According to the psychologist Abraham Maslow, the various human needs form a hierarchy. We cannot focus on the higher needs while the more basic needs are unsatisfied. The ultimate goal of self actualisation depends on us first 'getting our lives in order'. Self actualisation, in simpler terms, usually comes down to what I like to call pursuits (or hobbies or passions) in which we lose ourselves and through which we define ourselves. For some, sporting achievement is everything. For others, it may be music, sculpture, poetry. And for some, religion. We can hold our own opinions on the relative value (to society) of these pursuits. But we can't deny that to the individual, his/her chosen path is paramount.
So, you're not cold, hungry, thirsty and you've recently been to the bathroom (level 1). Your house is comfortable enough and no bailiffs are beating on the door (level 2). You're happy with your partner and popular enough with the neighbours (level 3). Colleagues and friends seem to hold you in high regard as a 'good sort' (level 4). But now you need something to give meaning to your life (level 5, pending!) The choice is yours.
Let's suppose you choose music. When you enter into that world, you find it full of rules, or at least standards and expectations. For example, to play with others, you may have to tune to concert pitch. If you don't conform, the musical world will not embrace you. But if you do, you will find that your chosen world is limitless in its potential to offer fulfilment at the highest 'spiritual' level.
Similarly, if you choose golf, your progress in that world depends on conformity with the rules of the game (and normal clubhouse behaviour too!) But if you are willing to play the game, again there is the possibility of a lifetime journey, in pursuit of the unattainable perfect drive or approach shot.
Or you may choose to follow a religion. If you do, you voluntarily enter a very elaborate world of god(s), devil(s), angels, heaven, hell, holy books, rituals, sin, redemption, salvation and so on. These are simply the features of your chosen world.
I've played music all my life and never been called on to avoid the bunkers. We don't have them. And golfers don't have to tune up before playing. The point is simply that the many thousands of 'games' people choose to play for personal fulfilment are mutually exclusive (give or take a few overlaps).
Which brings me back to sin. Sin is a necessary concept in certain religions all of which are approached by an act of faith, i.e. a decision to believe that which cannot be proven. Sin is an abomination in the eyes of a God who may very well not exist. If I play a wrong note or slice my drive into the rough, it is not a sin, as religion, golf and music are separate pursuits.

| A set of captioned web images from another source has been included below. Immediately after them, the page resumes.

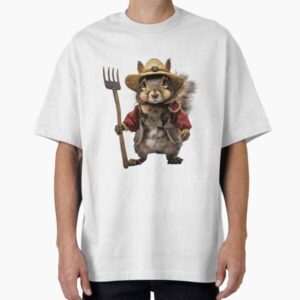 Country style squirrel: Adorable rodent donning a straw hat and pitchfork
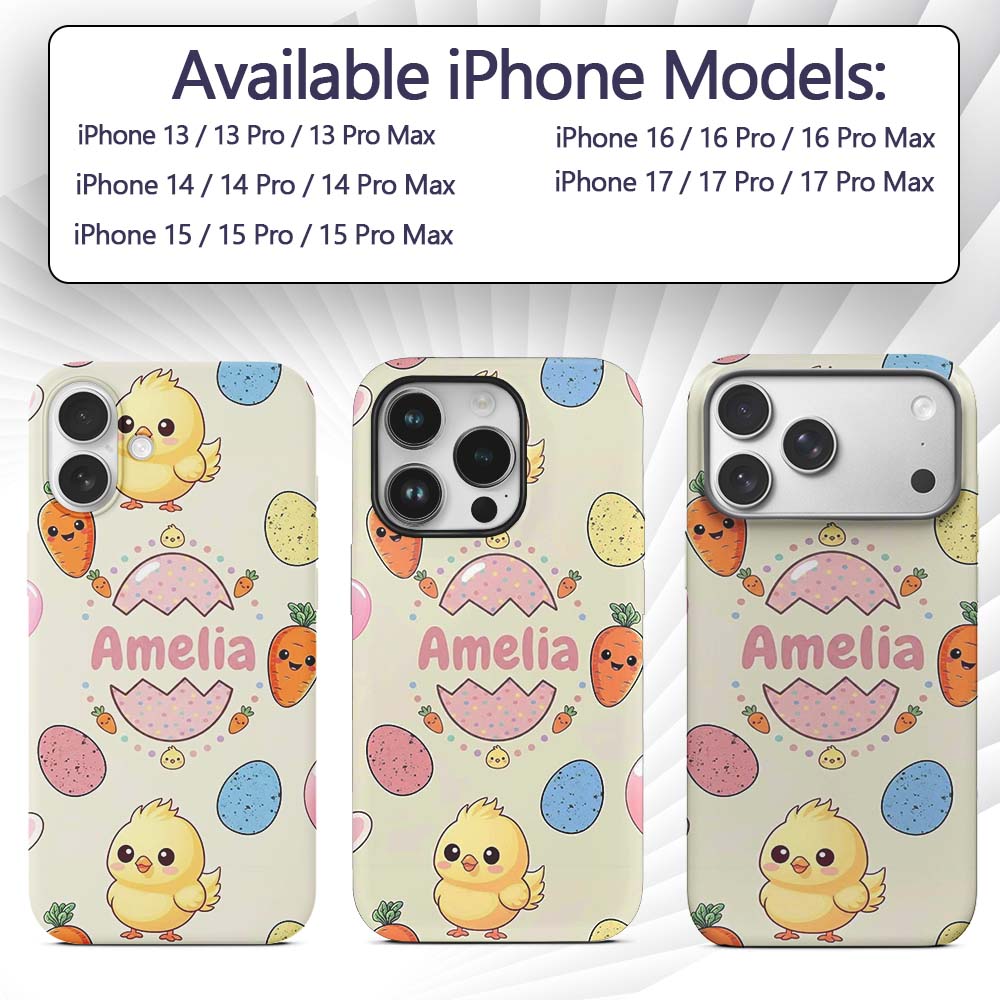 Cute Easter Bunny Chick Carrot Egg Printed Design Custom Name Protective Phone Case Mobile Cover Durable Everyday Smartphone Shock Resistant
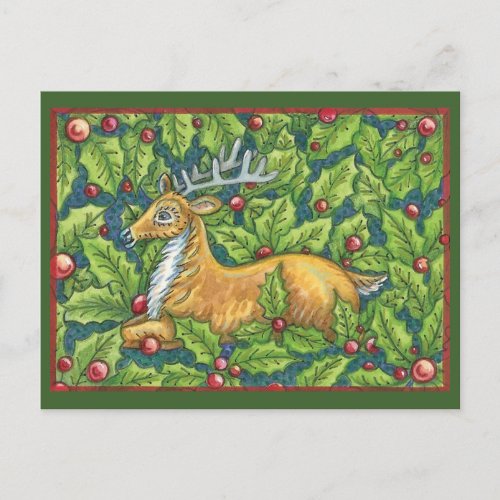 Cute Christmas Reindeer in Forest with Holly Holiday Postcard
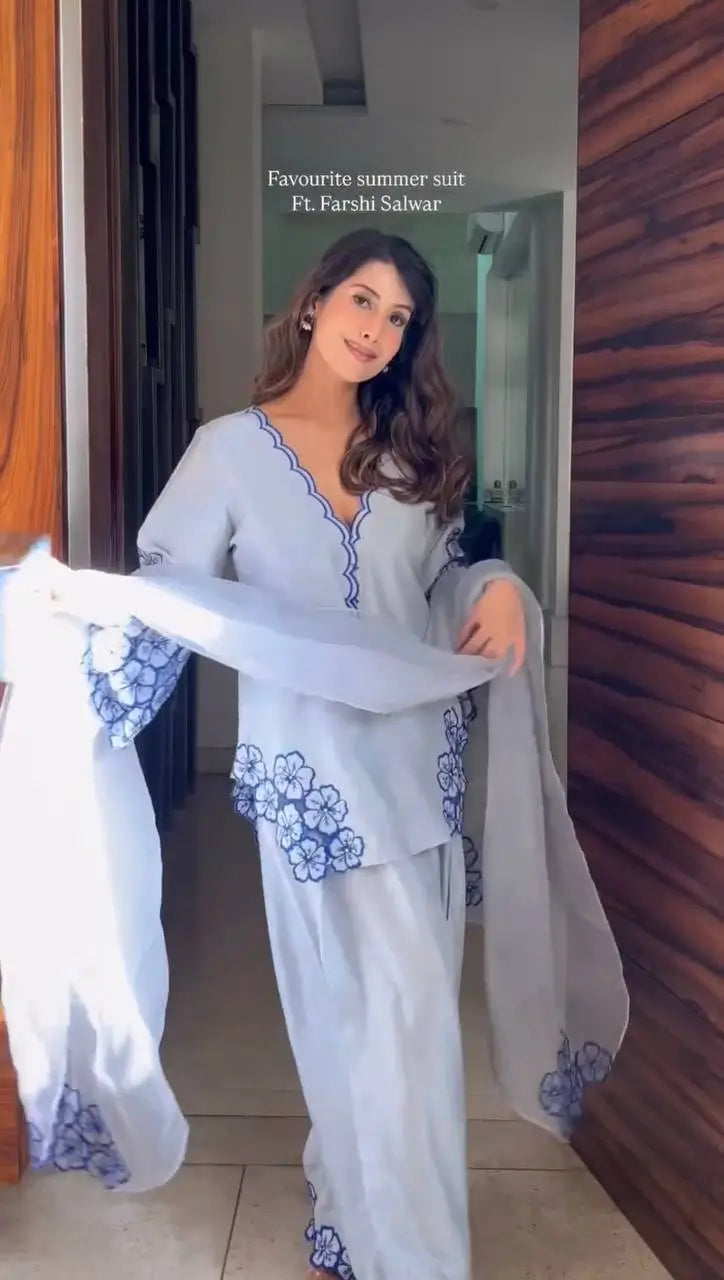 White & Blue Embroidered Crepe Suit with Farshi Plazzo & Organza Dupatta – Summer Festive Wear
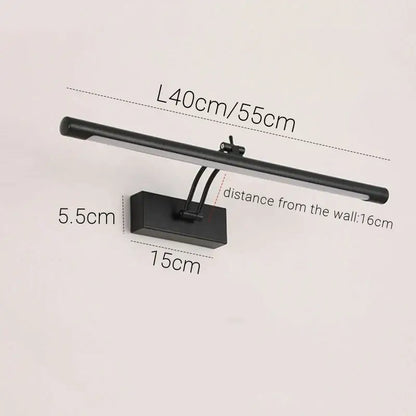 Modern black matte led vanity wall lamp with adjustable arm and sleek rectangular design for bathroom wall lamp use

For religious people, religion is important. For irreligious people it is of no consequence. Similarly, for the unmusical, music amounts to very little. Both music and religion are complex 'worlds' with no logical or necessary connection to the lower world of preponent needs. Both are places that people irrationally, but very humanly, choose to go for fulfilment.
Particularly meaningless to the irreligious is the concept of original sin which depends on a creation story that flies in the face of experience, rationality and common sense.
Looking at all of this logically, the only possible sinners are religious folk; for the rest of us, the word is without meaning. We can't sin - we don't have the clubs in our bags. We can, of course, offend other people. (And we do!)